→ **Supplied records**:
□ □ □ □

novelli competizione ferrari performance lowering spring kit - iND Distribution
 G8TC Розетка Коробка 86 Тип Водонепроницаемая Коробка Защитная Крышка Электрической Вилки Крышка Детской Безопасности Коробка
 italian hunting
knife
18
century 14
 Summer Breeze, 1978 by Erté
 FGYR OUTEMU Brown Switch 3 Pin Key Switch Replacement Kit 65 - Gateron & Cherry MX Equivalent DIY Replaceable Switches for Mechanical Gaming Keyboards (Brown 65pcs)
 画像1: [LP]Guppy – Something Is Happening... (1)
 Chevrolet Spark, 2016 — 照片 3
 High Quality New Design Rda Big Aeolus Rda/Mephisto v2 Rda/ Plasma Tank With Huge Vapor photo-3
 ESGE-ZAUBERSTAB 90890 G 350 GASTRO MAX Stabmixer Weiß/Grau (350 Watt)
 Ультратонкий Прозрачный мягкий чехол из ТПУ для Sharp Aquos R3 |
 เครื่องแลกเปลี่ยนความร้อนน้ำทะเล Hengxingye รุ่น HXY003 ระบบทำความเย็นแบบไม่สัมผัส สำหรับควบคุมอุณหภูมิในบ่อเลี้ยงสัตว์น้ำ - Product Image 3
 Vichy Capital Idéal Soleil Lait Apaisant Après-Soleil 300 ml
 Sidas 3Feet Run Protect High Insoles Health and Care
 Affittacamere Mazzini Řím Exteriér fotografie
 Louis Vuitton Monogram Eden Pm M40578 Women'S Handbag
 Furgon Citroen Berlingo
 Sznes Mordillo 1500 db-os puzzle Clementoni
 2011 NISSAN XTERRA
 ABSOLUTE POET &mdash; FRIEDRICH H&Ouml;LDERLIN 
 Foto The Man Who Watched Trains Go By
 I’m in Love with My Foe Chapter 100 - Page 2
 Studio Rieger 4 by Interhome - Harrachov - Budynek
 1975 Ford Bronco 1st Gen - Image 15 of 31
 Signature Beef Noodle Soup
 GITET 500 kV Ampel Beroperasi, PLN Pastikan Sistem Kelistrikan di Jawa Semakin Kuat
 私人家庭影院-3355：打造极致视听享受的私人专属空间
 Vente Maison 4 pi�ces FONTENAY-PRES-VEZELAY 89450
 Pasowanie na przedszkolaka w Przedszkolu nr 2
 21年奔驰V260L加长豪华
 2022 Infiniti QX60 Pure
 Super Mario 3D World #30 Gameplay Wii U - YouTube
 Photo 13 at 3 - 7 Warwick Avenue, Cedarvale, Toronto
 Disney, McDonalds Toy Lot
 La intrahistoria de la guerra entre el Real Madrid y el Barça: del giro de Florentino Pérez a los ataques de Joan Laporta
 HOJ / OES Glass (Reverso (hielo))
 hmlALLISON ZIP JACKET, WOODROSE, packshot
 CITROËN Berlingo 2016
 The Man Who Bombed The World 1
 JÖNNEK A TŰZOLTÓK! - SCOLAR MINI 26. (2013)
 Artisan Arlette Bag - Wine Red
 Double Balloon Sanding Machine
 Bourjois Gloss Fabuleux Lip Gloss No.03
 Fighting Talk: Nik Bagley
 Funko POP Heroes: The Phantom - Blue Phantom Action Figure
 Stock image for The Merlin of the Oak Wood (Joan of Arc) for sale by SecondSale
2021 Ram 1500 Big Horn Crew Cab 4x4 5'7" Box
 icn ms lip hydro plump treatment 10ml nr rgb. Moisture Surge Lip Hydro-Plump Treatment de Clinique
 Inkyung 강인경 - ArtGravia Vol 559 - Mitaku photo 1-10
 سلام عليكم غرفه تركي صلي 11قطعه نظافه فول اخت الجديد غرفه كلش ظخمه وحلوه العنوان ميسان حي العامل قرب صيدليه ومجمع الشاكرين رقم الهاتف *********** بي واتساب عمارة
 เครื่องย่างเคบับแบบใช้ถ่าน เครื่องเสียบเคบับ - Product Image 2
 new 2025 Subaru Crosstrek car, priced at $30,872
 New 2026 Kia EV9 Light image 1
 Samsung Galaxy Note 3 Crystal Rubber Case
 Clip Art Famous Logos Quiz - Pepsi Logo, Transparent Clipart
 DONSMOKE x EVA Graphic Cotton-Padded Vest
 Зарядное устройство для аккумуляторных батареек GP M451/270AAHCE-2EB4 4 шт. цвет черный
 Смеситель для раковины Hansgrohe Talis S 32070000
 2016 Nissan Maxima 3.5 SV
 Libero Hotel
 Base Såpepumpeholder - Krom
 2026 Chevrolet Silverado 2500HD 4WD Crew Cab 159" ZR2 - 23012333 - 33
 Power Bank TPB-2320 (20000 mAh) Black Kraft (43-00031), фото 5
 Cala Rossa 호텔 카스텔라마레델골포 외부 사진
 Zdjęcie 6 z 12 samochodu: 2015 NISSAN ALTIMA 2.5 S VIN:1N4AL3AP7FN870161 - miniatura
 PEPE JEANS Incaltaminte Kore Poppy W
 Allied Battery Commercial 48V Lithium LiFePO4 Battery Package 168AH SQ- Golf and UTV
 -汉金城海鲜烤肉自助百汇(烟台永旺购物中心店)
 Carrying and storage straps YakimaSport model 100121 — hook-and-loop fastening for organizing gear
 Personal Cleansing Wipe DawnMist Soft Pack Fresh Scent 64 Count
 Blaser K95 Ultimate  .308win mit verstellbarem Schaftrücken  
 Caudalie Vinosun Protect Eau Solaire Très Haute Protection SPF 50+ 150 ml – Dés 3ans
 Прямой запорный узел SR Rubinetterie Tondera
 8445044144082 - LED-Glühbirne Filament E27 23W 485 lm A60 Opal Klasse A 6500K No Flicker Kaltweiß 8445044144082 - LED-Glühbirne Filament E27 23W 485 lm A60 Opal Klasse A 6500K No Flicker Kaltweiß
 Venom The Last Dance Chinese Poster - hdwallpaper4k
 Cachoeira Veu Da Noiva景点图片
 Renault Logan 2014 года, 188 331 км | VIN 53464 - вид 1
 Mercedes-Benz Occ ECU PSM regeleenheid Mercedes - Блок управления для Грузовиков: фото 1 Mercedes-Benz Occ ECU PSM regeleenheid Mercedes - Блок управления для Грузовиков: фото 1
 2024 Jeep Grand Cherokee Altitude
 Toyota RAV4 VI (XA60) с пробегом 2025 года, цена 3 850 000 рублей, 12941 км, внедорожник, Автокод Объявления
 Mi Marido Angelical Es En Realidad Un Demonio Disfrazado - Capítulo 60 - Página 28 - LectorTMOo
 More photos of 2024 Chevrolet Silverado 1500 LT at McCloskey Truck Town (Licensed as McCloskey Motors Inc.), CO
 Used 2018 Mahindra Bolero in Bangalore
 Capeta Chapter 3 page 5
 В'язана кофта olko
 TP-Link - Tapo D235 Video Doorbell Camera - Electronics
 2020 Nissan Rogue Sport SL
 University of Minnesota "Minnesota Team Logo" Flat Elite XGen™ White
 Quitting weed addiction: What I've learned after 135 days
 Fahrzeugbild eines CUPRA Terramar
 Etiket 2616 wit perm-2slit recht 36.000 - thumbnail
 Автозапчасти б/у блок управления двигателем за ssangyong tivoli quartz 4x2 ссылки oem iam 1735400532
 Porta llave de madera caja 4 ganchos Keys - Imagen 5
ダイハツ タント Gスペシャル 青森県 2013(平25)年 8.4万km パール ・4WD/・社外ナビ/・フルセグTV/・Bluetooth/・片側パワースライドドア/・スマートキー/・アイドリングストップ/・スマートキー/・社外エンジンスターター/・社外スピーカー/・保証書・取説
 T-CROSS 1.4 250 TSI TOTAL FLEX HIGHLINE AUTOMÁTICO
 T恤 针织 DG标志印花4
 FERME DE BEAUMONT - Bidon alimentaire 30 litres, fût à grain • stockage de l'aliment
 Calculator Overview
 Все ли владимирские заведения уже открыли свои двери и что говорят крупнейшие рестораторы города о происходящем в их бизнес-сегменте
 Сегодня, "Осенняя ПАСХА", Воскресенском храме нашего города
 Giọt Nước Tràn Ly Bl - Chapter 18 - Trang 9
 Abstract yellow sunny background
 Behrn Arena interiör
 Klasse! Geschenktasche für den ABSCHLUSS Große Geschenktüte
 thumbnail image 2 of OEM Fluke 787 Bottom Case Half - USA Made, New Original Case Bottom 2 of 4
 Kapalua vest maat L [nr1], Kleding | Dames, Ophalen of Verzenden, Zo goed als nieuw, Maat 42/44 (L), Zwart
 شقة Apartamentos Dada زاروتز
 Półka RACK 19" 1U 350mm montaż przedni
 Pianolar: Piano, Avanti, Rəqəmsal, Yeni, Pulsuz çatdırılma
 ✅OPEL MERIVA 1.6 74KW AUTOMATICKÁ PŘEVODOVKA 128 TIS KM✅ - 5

□ □ □ □

→ **What is being asked**: Within the listing above, locate the line containing "Zdjęcie 6 z" and the line containing "Прямой запорный узел SR Rubinetterie Tondera". Reproduce those two lines and all lines between them exactly, with nothing added.

→ **Output of the exercise**:
 Zdjęcie 6 z 12 samochodu: 2015 NISSAN ALTIMA 2.5 S VIN:1N4AL3AP7FN870161 - miniatura
 PEPE JEANS Incaltaminte Kore Poppy W
 Allied Battery Commercial 48V Lithium LiFePO4 Battery Package 168AH SQ- Golf and UTV
 -汉金城海鲜烤肉自助百汇(烟台永旺购物中心店)
 Carrying and storage straps YakimaSport model 100121 — hook-and-loop fastening for organizing gear
 Personal Cleansing Wipe DawnMist Soft Pack Fresh Scent 64 Count
 Blaser K95 Ultimate  .308win mit verstellbarem Schaftrücken  
 Caudalie Vinosun Protect Eau Solaire Très Haute Protection SPF 50+ 150 ml – Dés 3ans
 Прямой запорный узел SR Rubinetterie Tondera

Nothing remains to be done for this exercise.